Larger than France and Spain combined, South Africa is a bewildering mixture of race, creed, culture and colour.
It is the most southerly country on the African continent and economically and politically one of the most important and influential.
South Africa has become one of the top tourist destinations in the world.
South Africa has every type of attraction you can think of. See mountains, beaches, forests, lakes, waterfalls, cities, villages and famous landmarks like Soweto or Table Mountain – there’s so much! Close Encounters Africa has chosen a selection of the best things to see and do to help you decide between the endless possibilities.
Perhaps one of the most picturesque cities in the world, and the oldest city in South Africa, the vibrant and cosmopolitan atmosphere of Cape Town make it easy to understand why people love this city so much.
If there was ever a way to remind you, the backdrop of Table Mountain delivers sunsets and skylines throughout the day, making for an uplifting mood in a place that can provide you with everything you want from South Africa. You’ll feel at home amongst the multi-cultural locals and tourists whilst you settle in to the next best thing to home.

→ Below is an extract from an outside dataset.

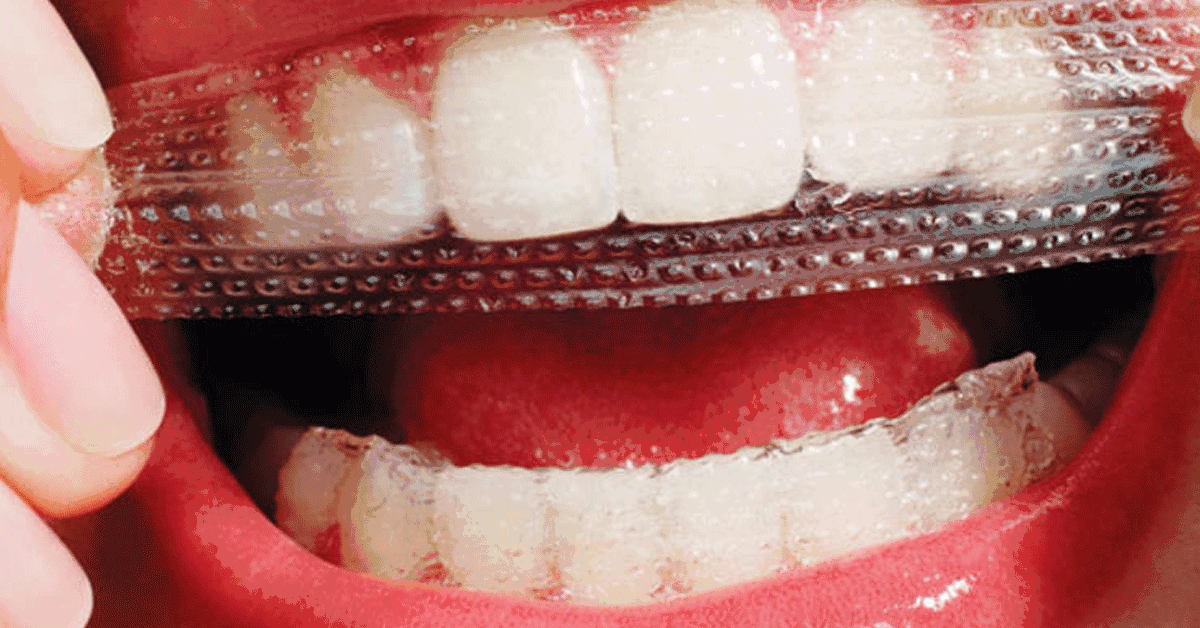 أضرار لصقات تبييض الأسنان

The famed trail along the Western Cape has earned its reputation from giving the visitor a consistent tranquil experience.
The lush forest and lagoons of the Garden Route border the perfect white beaches, where you can find an array of fantastic accommodation to suit every type of traveller.
The popularity of the Garden Route is well deserved and as such it’s an easy destination to combine with a safari in one of the many game parks in South Africa.
A natural paradise, Kruger Park offers wildlife enthusiasts encounters with 150 different mammals and over 500 species of birds. Endangered wild dogs can be seen in the south, cheetah and zebra on the plains and giraffe in the wooded areas.
In the far north of Kruger National Park there are also archaeological and historical sites like Masorini and Thulamela, which give insight into the lives of ancient iron-age cultures.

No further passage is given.